After locating the line containing "ErethPleasure", transcribe that line and all following lines exactly, stopping only at the end of the records.
+++ Records for this task +++
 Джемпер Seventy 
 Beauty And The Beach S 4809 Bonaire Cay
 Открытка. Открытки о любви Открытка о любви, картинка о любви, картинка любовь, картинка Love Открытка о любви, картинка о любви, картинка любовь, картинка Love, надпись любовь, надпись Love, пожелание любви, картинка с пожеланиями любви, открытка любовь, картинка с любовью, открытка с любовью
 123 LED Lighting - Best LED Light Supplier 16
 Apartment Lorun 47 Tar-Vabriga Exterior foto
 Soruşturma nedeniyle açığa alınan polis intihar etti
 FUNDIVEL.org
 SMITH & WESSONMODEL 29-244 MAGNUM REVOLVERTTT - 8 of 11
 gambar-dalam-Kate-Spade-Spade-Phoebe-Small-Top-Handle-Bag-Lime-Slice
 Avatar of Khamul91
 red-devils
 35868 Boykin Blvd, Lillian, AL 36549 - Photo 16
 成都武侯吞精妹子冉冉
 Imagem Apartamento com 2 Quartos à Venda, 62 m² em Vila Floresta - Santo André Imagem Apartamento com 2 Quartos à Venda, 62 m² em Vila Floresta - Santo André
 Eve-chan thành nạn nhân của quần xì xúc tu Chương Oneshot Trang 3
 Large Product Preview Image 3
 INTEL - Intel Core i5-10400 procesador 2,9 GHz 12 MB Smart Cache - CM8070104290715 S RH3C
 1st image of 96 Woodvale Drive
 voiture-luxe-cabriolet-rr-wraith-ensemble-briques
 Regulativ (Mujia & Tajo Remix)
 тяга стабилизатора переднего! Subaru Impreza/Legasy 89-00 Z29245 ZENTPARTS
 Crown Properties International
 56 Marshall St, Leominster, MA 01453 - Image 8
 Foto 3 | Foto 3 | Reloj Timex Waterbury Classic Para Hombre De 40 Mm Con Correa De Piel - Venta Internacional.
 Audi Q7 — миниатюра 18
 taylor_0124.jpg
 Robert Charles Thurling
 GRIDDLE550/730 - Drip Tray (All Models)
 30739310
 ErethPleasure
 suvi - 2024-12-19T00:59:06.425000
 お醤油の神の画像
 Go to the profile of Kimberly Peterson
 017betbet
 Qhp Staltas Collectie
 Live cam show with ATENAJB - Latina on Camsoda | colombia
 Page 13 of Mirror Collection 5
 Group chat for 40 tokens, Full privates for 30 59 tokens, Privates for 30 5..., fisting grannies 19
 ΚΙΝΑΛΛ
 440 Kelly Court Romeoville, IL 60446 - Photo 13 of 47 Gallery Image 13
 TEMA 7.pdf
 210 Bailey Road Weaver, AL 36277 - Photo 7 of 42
+++
Result of this exercise:
 ErethPleasure
 suvi - 2024-12-19T00:59:06.425000
 お醤油の神の画像
 Go to the profile of Kimberly Peterson
 017betbet
 Qhp Staltas Collectie
 Live cam show with ATENAJB - Latina on Camsoda | colombia
 Page 13 of Mirror Collection 5
 Group chat for 40 tokens, Full privates for 30 59 tokens, Privates for 30 5..., fisting grannies 19
 ΚΙΝΑΛΛ
 440 Kelly Court Romeoville, IL 60446 - Photo 13 of 47 Gallery Image 13
 TEMA 7.pdf
 210 Bailey Road Weaver, AL 36277 - Photo 7 of 42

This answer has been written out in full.